PROBLEM DESCRIPTION
Count every line below that holds "Apartment". Number only.

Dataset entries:
== == ==
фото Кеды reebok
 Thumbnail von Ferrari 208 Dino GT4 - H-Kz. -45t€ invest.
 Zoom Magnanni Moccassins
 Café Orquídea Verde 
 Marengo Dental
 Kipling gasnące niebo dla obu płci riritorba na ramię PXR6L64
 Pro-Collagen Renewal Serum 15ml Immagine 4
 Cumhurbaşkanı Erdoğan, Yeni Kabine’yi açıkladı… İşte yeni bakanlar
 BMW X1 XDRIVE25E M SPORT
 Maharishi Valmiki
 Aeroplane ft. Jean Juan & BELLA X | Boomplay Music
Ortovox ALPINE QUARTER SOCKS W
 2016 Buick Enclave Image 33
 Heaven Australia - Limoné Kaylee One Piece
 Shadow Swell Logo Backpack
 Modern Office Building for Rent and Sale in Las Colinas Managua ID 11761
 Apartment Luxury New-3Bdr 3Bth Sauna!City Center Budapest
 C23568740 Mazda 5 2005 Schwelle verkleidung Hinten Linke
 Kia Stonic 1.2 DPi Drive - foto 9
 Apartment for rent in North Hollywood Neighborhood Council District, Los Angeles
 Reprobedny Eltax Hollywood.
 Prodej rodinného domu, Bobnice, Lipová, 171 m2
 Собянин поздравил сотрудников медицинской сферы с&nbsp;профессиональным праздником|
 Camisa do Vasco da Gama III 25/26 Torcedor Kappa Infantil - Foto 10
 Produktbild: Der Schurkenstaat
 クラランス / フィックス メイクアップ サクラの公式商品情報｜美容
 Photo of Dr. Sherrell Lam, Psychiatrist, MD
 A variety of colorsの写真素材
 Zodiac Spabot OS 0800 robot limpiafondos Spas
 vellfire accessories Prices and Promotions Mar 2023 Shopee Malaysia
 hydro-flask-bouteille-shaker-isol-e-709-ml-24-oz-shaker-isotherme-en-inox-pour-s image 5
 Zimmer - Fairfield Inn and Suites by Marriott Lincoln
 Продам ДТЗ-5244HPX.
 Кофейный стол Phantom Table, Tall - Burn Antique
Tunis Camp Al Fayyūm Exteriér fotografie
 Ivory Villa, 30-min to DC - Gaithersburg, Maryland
== == ==
ANSWER FOR THIS EXERCISE
2